• [Material provided]:
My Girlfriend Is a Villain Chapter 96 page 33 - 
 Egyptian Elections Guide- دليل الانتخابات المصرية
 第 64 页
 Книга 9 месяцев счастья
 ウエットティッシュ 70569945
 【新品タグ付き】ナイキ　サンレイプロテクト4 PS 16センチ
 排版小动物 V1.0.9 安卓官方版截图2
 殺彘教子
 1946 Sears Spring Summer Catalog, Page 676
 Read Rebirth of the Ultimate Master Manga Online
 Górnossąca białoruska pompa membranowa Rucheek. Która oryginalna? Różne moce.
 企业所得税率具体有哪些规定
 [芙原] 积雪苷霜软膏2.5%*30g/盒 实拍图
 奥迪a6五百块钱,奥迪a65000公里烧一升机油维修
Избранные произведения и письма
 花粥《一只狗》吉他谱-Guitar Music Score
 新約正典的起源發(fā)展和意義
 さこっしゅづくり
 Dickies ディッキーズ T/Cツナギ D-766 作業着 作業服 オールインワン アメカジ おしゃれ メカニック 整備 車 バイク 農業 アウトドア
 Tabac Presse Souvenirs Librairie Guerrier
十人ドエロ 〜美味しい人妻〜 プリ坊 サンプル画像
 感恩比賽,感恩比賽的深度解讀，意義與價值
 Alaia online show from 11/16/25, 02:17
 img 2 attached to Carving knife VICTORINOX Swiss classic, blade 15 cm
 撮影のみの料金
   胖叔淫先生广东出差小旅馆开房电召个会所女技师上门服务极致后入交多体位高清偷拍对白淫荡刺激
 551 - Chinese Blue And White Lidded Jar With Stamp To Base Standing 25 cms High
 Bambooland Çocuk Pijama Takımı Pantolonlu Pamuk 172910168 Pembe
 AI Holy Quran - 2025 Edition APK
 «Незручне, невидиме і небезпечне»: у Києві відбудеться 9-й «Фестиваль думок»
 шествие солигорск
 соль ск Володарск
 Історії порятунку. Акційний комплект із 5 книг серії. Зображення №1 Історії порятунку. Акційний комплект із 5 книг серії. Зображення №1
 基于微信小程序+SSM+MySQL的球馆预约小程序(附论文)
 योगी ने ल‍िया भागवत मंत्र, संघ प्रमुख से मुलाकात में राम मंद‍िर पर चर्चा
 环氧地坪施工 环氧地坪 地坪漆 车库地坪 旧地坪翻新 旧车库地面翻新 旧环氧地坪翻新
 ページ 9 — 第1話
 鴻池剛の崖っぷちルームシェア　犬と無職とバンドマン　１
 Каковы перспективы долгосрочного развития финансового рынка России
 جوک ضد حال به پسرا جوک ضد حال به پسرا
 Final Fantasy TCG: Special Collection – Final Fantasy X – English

• [Task to carry out]:
Copy out precisely the lines from the line with "шествие солигорск" to the line with "योगी ने ल‍िया" in the material above, including those two lines and omitting all the rest.

• [Solution for this exercise]:
 шествие солигорск
 соль ск Володарск
 Історії порятунку. Акційний комплект із 5 книг серії. Зображення №1 Історії порятунку. Акційний комплект із 5 книг серії. Зображення №1
 基于微信小程序+SSM+MySQL的球馆预约小程序(附论文)
 योगी ने ल‍िया भागवत मंत्र, संघ प्रमुख से मुलाकात में राम मंद‍िर पर चर्चा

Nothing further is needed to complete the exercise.